Calculations, which were not challenged at the Public Inquiry, suggest that the developers estimates are not only highly optimistic, both in terms of electricity generation and greenhouse gas savings, but also average out what will be significant variations in output levels by hour, day and month. It is these latter considerations that cause E-On, in discussing its experience of wind turbines in Germany, to conclude that a constant 90% back-up facility from conventional power stations is essential to ensure grid balance and the secure delivery of electricity. Wind turbine proponents argue that the ‘wind carpet’ in the UK is stronger than in Germany. What wind turbine proponents never volunteer is that if the comparison is made between the wind carpet in the West Country and Northern Germany, which is where the turbines served by E-On are largely located, there is very little difference.

As a consequence of these unfavourable physical characteristics, it is not surprising that economics of wind turbine electricity generation are also unfavourable. The only way that the financial sums can be made to add up is through the ‘Renewable Obligation Certificates’ regime. Essentially, this is a requirement placed upon the electricity supply industry to purchase specified amounts of renewable energy at prices designed to give a return to the renewable energy producers. This becomes, in essence, a surcharge on every electricity bill.

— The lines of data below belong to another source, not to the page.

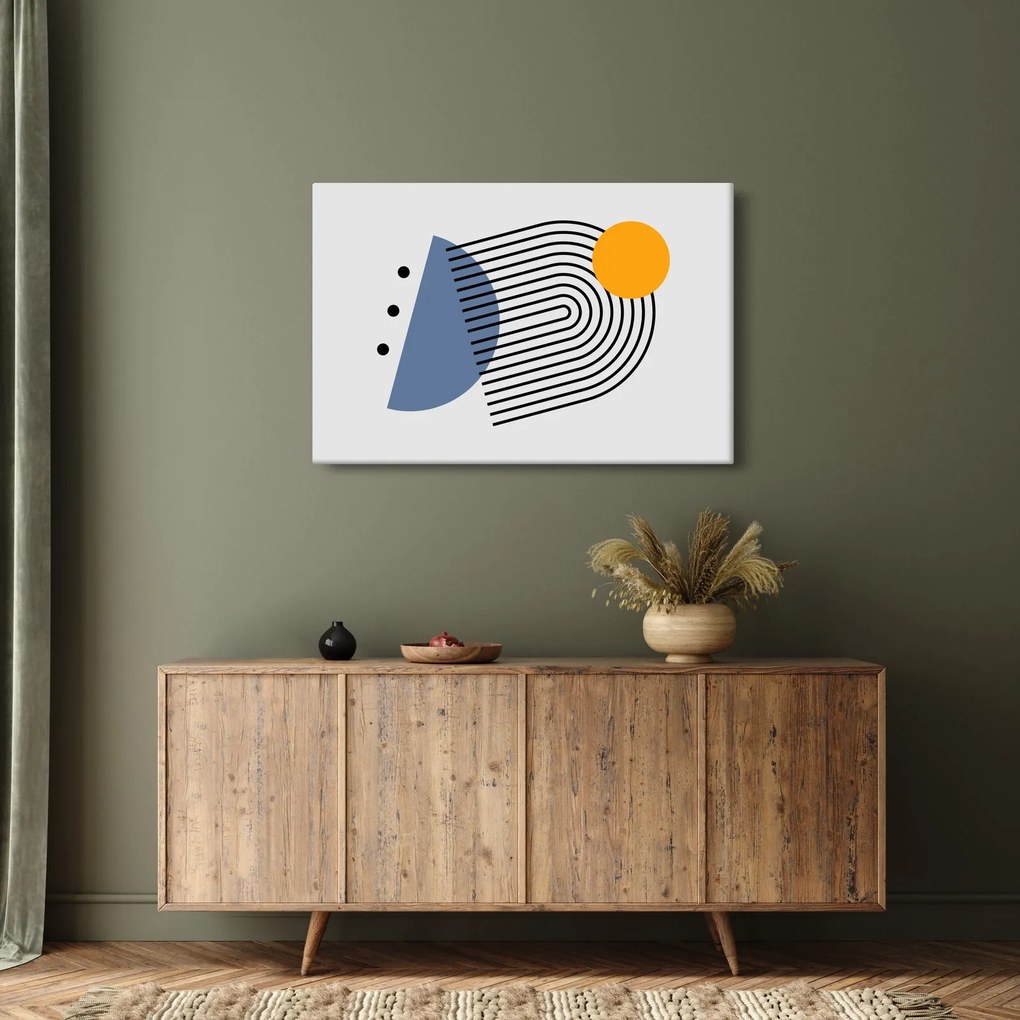 Tablou - Abstracție minimalistă N⁰2 (90x60 cm)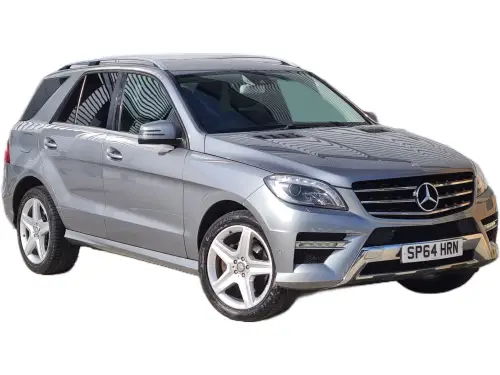 Mercedes-Benz ML SP64 HRN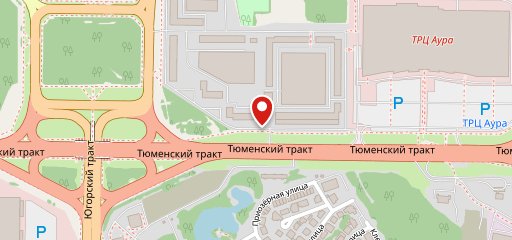 Бон Аппетит на карте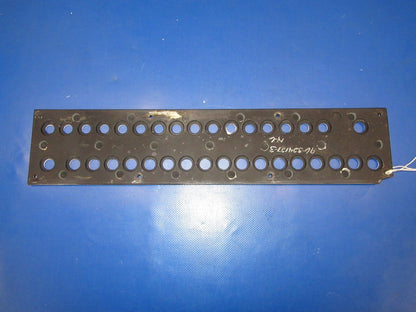 Beech D55 Baron Circuit Breaker Panel P/N 96-324127-3 (0717-11)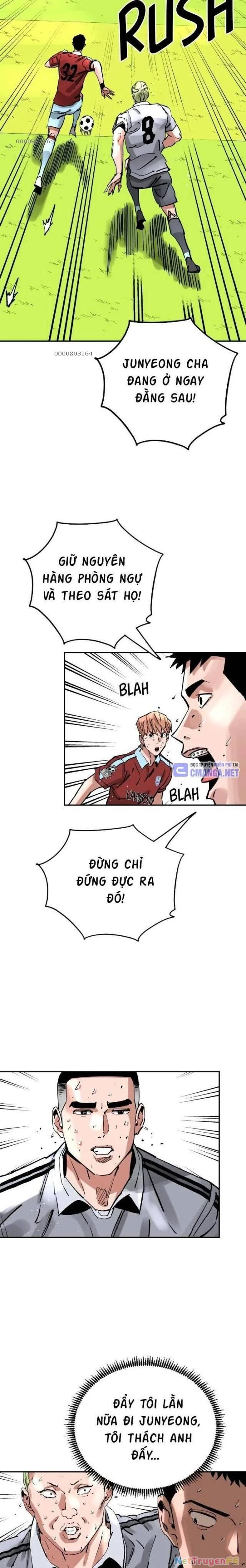 Sân Cỏ Chiến Kí Chapter 115 - Trang 2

Where does the balance lie?

RES, the developers, maintain that the balance of advantage tips heavily in favour of building the wind farm development in the Den Brook Valley. At the Planning Inquiry held in late 2006 the Planning Inspector agreed - however, that decision was quashed by the Court of Appeal and a new Inquiry is to be held.

It is our contention that the case for constructing 9 turbines in the Den Brook Valley has not been made by the developer. Throughout the whole of this application, it has proceeded by assertion rather than demonstration. We know calculations of Co2 savings have been accepted as wrong. We have seen errors in RES’s noise assessments and the Court of Appeal judgment stated that this was not the only point that is arguable.

At the end of the day, the only logical argument for constructing the turbines relates to the amount of electricity they will produce and hence the savings in greenhouse gases. Nowhere have we seen any data or analysis to demonstrate a conclusion that wind turbines in the Den Brook Valley would generate sufficient electricity to warrant accepting the many disadvantages that would result from their construction.